Mask heatmap rows or columns
From Array Suite Wiki
Masking rows and columns of a heatmap
In Array Studio, the -Omic data Heatmap View dynamically hides rows (genes) and columns (samples), depending on the filtering status of the underlying data. However, the Hierarchical Clustering function will "mask" filtered rows/columns with grey. This can be advantageous if you want to
- Emphasize the scale of the data matrix
- Draw attention to a subset of the data
Input Data Requirements
Masking of rows and columns can be performed on any -Omic data object, as long as its design table has a column (other than the ID Column) that uniquely labels each sample.
In addition, it will be helpful to have with either lists or metadata columns attached to the -Omic Data to identify the genes/samples to mask.
Step 1 (Optional): Create lists to pre-configure the order of rows and/or columns
Since no actual clustering will be performed using hierarchical clustering, it might be useful to pre-order the rows and columns.

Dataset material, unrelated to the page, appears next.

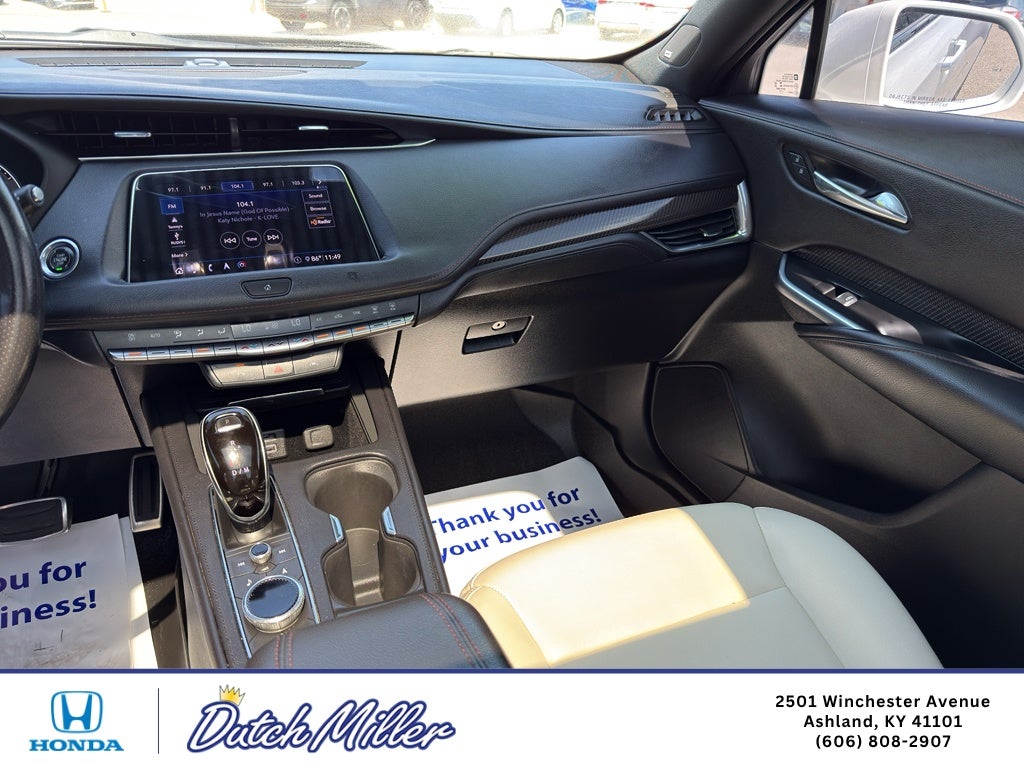 2020 Cadillac XT4 AWD Sport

In this example, a List was created for all 63,677 variable IDs (Ensembl IDs), using the alphabetical order of the associated Gene Names.
Step 2: Run Hierarchical Clustering (without actually clustering)

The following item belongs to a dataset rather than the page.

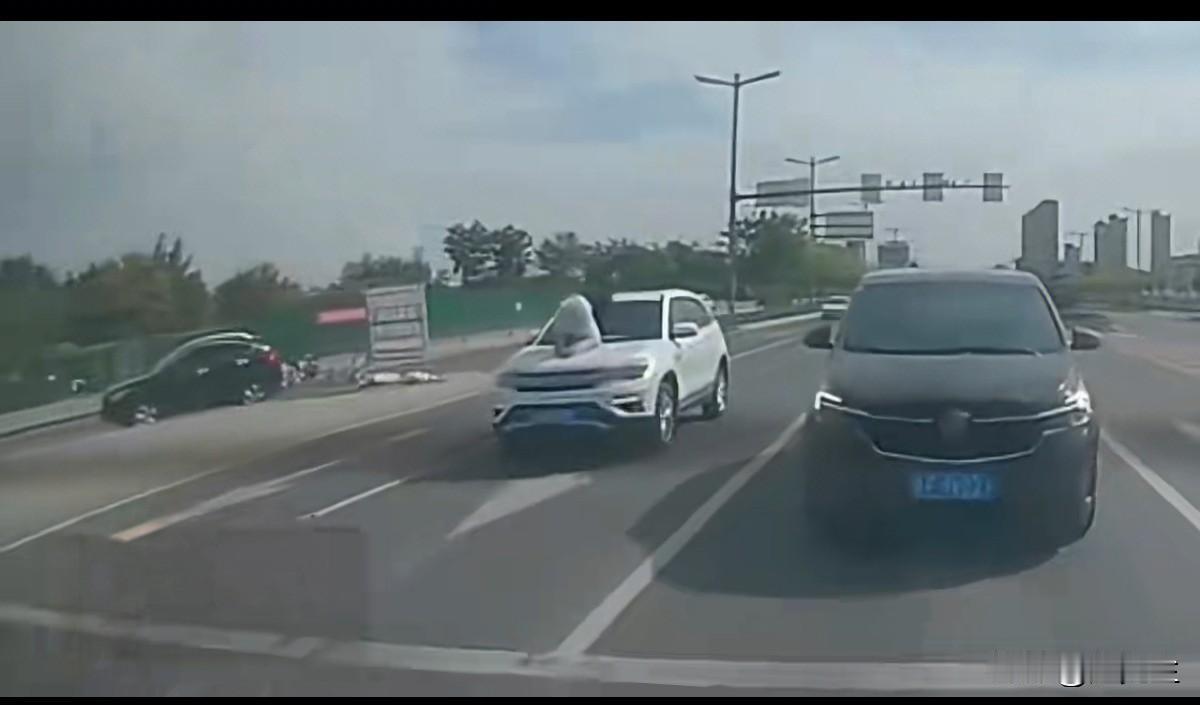 惊魂一幕：妻子跪坐疾驰SUV引擎盖！近日，甘肃酒泉街头出现了令人心惊肉跳的一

Now click MicroArray | Pattern | Hierarchical Clustering to open the Hierarchical Clustering window:
- Select the input -Omic data
- (Optional) Select a custom list of variables and/or observations to control the ordering in the heatmap
- Leave Compute observation tree selected, and leave Compute variable tree de-selected
- In Observation grouping, select a column from the Design table that is unique for each sample (e.g. Observation ID). This will force no clustering to occur on the observation table (even though "Compute observation tree" is selected).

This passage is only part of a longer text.